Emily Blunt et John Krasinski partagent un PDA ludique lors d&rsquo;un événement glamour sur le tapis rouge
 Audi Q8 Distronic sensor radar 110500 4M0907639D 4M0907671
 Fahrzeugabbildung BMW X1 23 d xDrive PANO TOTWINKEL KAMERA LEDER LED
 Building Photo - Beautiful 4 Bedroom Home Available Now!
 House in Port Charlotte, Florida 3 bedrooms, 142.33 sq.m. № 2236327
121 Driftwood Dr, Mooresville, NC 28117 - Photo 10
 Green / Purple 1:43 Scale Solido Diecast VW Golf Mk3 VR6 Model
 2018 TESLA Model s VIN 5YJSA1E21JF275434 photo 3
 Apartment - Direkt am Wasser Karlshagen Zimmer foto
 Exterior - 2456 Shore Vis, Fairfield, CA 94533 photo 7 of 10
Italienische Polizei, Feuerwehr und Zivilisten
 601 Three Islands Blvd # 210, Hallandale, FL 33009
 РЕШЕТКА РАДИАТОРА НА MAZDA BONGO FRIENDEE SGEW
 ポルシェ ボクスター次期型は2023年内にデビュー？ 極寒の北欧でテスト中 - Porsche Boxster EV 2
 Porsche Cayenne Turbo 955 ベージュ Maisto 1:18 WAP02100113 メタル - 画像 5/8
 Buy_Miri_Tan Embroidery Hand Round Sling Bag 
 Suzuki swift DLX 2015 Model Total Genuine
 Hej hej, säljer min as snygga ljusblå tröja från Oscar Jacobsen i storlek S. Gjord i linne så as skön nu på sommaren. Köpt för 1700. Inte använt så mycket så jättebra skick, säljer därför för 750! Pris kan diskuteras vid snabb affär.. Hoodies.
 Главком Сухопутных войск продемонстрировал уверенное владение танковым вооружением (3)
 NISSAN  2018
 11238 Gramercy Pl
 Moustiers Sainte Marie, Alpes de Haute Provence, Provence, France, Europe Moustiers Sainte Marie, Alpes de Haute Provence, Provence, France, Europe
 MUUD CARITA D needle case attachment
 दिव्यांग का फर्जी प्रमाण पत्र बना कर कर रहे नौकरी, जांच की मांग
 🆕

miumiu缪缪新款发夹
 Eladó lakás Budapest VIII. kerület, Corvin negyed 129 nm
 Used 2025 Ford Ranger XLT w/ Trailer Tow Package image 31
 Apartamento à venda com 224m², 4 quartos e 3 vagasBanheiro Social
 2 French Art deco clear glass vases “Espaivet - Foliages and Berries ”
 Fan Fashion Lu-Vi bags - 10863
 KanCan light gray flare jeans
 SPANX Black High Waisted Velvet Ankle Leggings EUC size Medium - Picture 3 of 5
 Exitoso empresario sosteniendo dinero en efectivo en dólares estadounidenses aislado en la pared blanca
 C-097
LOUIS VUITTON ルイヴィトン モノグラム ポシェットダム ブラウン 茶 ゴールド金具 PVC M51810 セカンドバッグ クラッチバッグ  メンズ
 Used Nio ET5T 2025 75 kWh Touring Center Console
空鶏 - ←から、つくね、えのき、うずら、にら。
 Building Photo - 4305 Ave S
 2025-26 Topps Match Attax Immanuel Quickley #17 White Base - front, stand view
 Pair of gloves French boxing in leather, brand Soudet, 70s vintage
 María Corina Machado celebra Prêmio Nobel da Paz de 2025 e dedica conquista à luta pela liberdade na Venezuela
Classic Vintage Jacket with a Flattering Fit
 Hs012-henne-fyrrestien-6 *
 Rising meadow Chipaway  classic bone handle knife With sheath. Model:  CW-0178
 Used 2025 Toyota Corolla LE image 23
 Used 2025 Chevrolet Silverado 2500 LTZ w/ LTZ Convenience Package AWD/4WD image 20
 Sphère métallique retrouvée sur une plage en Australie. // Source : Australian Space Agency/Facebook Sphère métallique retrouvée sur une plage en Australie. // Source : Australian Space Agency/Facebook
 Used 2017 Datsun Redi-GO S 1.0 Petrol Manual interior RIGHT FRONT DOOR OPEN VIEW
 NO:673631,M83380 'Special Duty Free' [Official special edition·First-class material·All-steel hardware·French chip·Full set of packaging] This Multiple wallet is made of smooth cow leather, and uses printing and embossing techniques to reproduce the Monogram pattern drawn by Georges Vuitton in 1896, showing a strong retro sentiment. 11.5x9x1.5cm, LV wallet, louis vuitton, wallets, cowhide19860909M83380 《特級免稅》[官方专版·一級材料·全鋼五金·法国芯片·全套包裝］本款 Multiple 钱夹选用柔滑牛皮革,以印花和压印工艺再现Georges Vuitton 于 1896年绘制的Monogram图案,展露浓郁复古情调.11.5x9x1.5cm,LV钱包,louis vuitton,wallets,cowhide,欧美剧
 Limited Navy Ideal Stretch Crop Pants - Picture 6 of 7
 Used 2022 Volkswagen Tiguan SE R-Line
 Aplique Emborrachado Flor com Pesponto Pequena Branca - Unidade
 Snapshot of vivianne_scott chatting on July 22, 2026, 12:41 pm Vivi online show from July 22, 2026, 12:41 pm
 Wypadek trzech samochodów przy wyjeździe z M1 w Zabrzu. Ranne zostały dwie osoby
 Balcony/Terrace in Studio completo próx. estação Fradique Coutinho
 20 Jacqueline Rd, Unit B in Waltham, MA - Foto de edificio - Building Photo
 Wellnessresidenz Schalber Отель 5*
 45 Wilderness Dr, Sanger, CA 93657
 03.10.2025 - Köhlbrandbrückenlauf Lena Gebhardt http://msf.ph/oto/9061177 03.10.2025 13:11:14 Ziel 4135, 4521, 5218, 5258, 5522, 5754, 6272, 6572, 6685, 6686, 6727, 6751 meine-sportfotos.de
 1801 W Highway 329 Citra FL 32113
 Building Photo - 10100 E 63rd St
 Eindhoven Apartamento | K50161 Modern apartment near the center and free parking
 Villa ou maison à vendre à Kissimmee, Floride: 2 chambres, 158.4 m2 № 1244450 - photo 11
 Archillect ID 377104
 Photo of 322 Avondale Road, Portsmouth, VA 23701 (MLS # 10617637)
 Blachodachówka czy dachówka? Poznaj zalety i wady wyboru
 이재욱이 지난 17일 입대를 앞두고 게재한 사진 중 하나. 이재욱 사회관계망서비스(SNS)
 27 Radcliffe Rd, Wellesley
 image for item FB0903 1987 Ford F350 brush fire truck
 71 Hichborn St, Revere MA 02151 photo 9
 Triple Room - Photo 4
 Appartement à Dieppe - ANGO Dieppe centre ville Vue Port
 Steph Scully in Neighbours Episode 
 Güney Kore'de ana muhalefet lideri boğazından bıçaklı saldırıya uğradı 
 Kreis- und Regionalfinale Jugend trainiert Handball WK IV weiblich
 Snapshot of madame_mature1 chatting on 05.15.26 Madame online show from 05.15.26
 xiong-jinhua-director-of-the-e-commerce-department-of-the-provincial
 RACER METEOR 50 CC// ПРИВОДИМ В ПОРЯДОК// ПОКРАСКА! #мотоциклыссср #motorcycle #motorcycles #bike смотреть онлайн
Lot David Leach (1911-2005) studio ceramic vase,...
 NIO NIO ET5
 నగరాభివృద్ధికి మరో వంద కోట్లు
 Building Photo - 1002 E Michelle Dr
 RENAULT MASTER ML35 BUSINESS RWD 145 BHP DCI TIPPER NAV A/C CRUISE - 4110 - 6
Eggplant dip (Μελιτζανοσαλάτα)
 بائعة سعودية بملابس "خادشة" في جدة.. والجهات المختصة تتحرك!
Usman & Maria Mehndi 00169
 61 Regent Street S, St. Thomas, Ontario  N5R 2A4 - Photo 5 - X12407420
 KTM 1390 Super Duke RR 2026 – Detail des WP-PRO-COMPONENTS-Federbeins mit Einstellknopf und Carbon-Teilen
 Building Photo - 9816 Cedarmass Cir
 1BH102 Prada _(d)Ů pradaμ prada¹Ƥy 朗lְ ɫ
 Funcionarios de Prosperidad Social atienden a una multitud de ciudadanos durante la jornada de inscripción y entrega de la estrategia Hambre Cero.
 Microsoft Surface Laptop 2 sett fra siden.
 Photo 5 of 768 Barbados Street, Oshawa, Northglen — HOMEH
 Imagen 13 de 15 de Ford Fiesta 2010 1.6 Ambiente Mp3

========

- **Your instructions**
Above are the lines; repeat exactly the ones from the line containing "SPANX Black High" down to the line containing "Building Photo - 4305 Ave S", both inclusive.

- **Response to this exercise**
 SPANX Black High Waisted Velvet Ankle Leggings EUC size Medium - Picture 3 of 5
 Exitoso empresario sosteniendo dinero en efectivo en dólares estadounidenses aislado en la pared blanca
 C-097
LOUIS VUITTON ルイヴィトン モノグラム ポシェットダム ブラウン 茶 ゴールド金具 PVC M51810 セカンドバッグ クラッチバッグ  メンズ
 Used Nio ET5T 2025 75 kWh Touring Center Console
空鶏 - ←から、つくね、えのき、うずら、にら。
 Building Photo - 4305 Ave S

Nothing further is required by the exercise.